When that happens, your brand can be severely damaged if you don't have a plan in place for damage control. If you truly want to ensure that problems don't have a lasting effect on your business, you need to develop a reputation damage control plan that all employees follow.
But what should your reputation damage control plan look like? And how can you best put these practices in place starting today, even if your employees aren't used to following a set plan?
Questions an Online Reputation Damage Control Plan Should Answer
Your Reputation Damage Control Plan might be a full 100-page document or it might be a few simple paragraphs. The complexity of this plan will depend on the size and nature of your business. But no matter what, every plan should answer the following questions:
- When a problem is discovered, who should reply to the customer?
- How and to whom should the problem be reported?
- How quickly should a customer be answered?
- What reply should be given when the problem can't be handled immediately?
- What answers should be given to commonly reported problems?
- How should customers be answered when your initial response wasn't good enough?

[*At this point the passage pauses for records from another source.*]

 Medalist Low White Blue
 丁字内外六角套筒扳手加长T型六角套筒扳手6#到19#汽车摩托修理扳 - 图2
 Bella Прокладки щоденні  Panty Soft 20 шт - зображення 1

- What are the procedures if a member of the press asks for a statement?
- When does a lawyer need to be consulted before a reply is given?
Keep in mind that your damage control plan may need to cover a wide variety of potential problems. These typically fall into a few broad categories:
- Scandals - this is when someone in your company is caught doing something illegal, like an accountant embezzling money
- Mistakes - typically, mistakes don't include illegal activity, but are brand-damaging problems, like an employee accidentally tweeting x-rated material from the company account
- Negative Reviews - this is when an individual customer posts a negative review and you come across it (i.e. passive complaining about your company)

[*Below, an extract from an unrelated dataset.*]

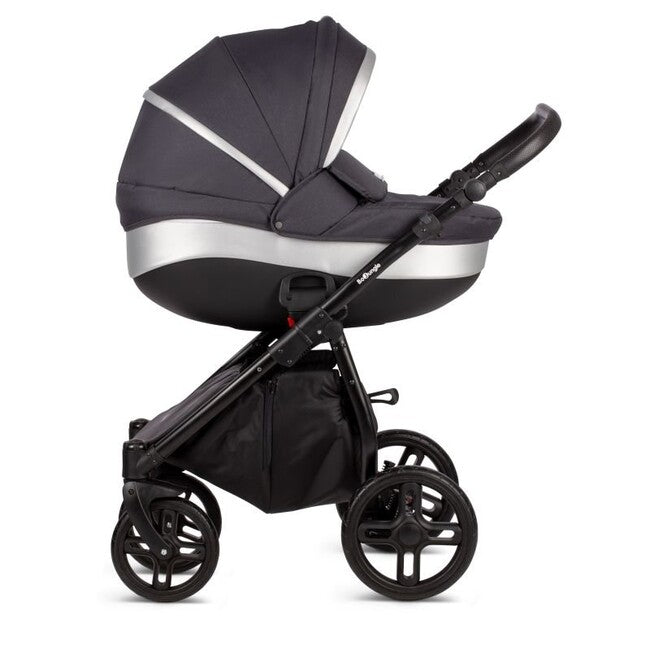 TRIO b-Strolly BO JUNGLE Alto e Extra-Ammortizzato con ovetto e navicella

- Complaints - if a customer reaches out to complain directly via email, social media, phone, etc. it is more active than a negative review and falls into its own category
- Product/Service Issue - if you have a massive recall issue (i.e. something was wrong with your product of service for more than a few customers), it falls under this category
Your plan needs to address each of these potential problems. In some companies, you plan for management may be similar in all situations. In other companies, you might have different reaction procedures for each situation.
Avoiding Script, but Prepare Your Employees
One piece of advice I see others give small and medium-sized businesses about reputation management is the importance of scripts for the most important situations. I actually think this is a bad idea. If you have a large business, sometimes using scripts is inevitable, simply because you probably have entire teams of customer service reps across the country or even around the world.
But if your company is small enough, moving away from scripts can help your team respond in a way that is more "real," so customers trust you more.
Instead of scripts, hire people you really trust and give them the freedom to answer complains and negative reviews in authentic ways. Give them a few guidelines:
- What brand messages are your trying to express?
- What elements should be included in every message? (HINT: Apologies come first!)
- What perks are they allowed to offer? (examples: free products, refunds, discounts)
Also give employees examples of good and bad responses. Then, give them the freedom to deal with lower-level problems and, as they prove themselves, work on higher-level problems.
Implementing Your Plan
No matter how well-written your plan may be, it doesn't matter if employees don't follow it. First, employees need to be trained. Make sure that everyone, from new hires to employees who have been with you from the start, attend training and are on notice that the new rules are in effect immediately.
If your business is growing, it can be awkward to take some duties away from employees who have been wearing many hats, but it is important for everyone to follow procedures. Instate easy systems, and make sure that there are clear reprimands and repercussions for employees who refuse to use your new system.
Lastly, remember to follow through with the plan yourself. Set an example for your entire team as you implement the plan. Soon it will be second nature for everyone!